Whilst the bridge is elaborate and striking in its design, the safety barriers appear subtle and almost transparent in comparison. This is the beauty of our Webnet mesh; it provides incredible strength and safety without obstructing views or being an eyesore to the environment.
The bridge is named after Albert ‘Tibby’ Cotter, an Australian test cricketer and war hero killed in action during WWI. As a tribute to Tibby, the bridge was to be opened in time for the first match of the 2015 ICC Cricket World Cup, which meant the construction needed to be completed in just 14 months. This tight deadline posed a challenge for the whole team to design and construct the bridge in a relatively short space of time.

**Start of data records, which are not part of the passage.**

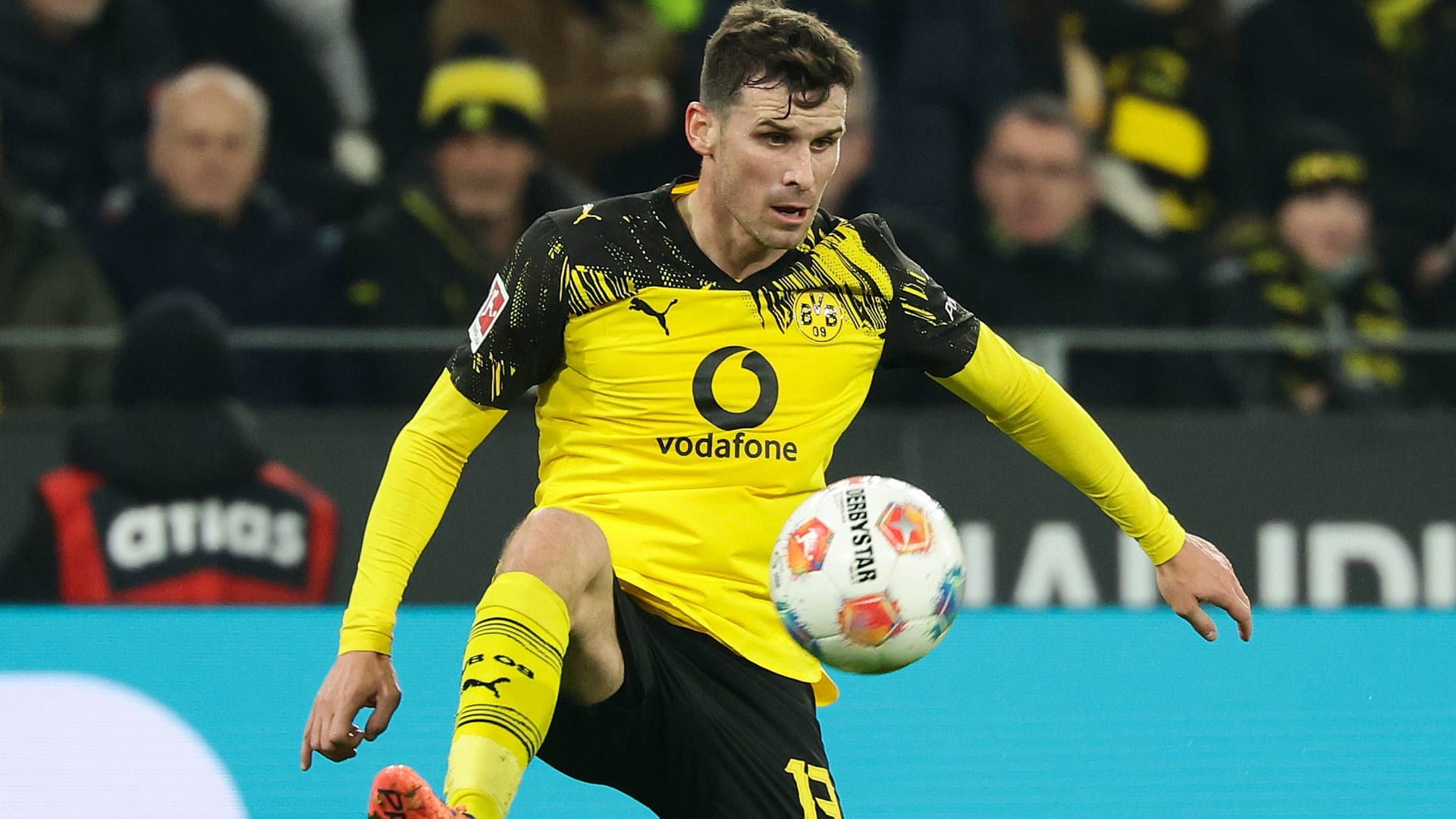Pascal Groß im Trikot von Borussia Dortmund: Der Mittelfeldspieler war erst 2024 aus Brighton zum BVB gewechselt.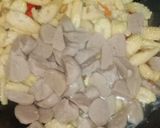 Foto langkah ke 4 dari resep Tumis janten bakso.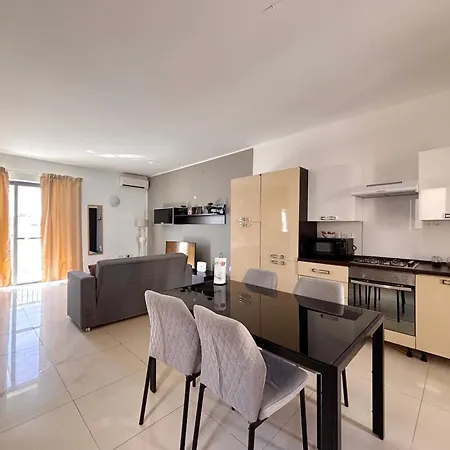 Stylish Penthouse With Side Sea-views Apartment Gzira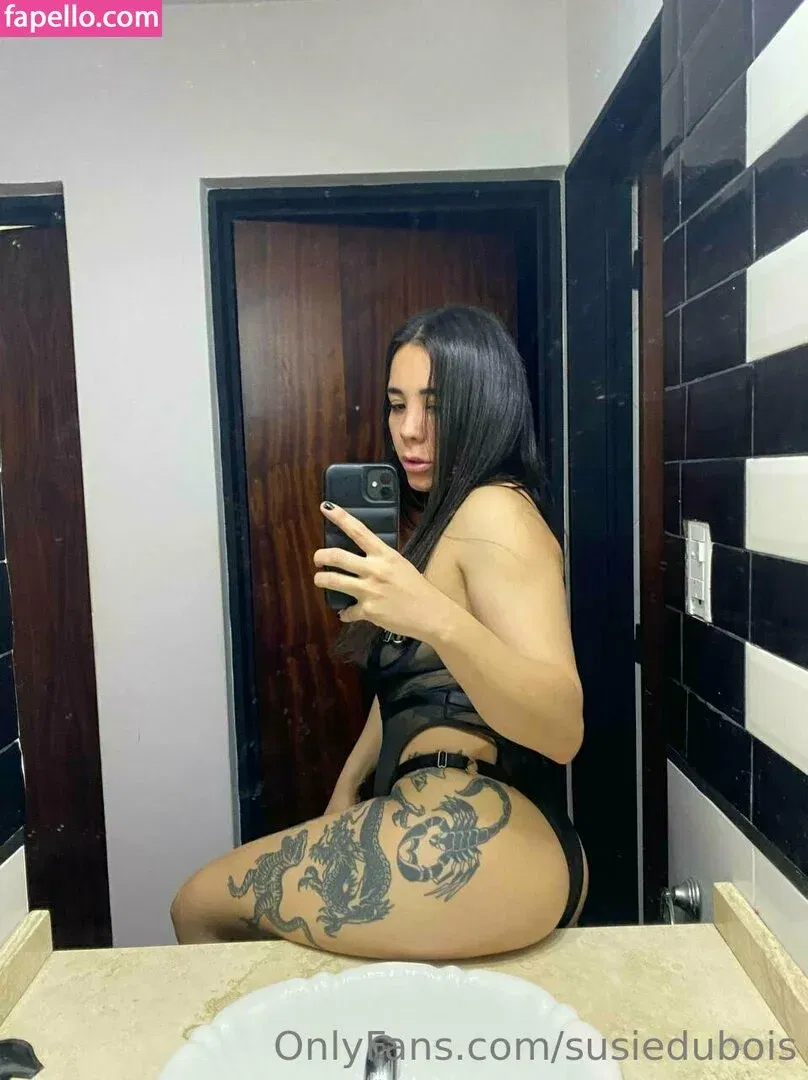 susiedubois Onlyfans Photo Gallery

The intricately planned bridge needed to encompass urban design, engineering and construction that minimised any environmental impact, and this has certainly been achieved. The generous 6 meter wide walkway encourages pedestrian and cycling activity, yet fits in with the landscape with minimal disturbance to the surrounding Moreton Bay Fig trees.
The safety barriers we designed and created feature a unique pattern that represents the local park lands and the surrounding fig trees. We undertook some extensive modelling to complete the mesh shapes, and whilst the bridge appears simplistic in its design, there is a lot of complexity that went into creating something so dynamic.
One of the key features of our Webnet mesh is the ability to sculpt the mesh to conform to just about any complex geometrical pattern. This design is functional and beautiful at the same time, and is the perfect material for fall protection systems and safety applications. Whilst the mesh appears to be light and sheer, it is in fact incredibly strong.
Anzac Parade is a busy major road in Sydney, so installing the mesh with minimal interruption to the public posed some challenges. Tensile came up with a construction method that enabled 80–90% of the mesh to be built and installed off-site and then lifted into position.
The bridge’s complex geometrical design is a product of collaboration between the talented architect Hassell Studio and renowned engineer Arup. The bridge features sharp curves and spirals with sloping ramps that suit the topography of the build site. The result is a bridge that is spectacular in its appearance, functional, incredibly strong and above all, safe for pedestrians.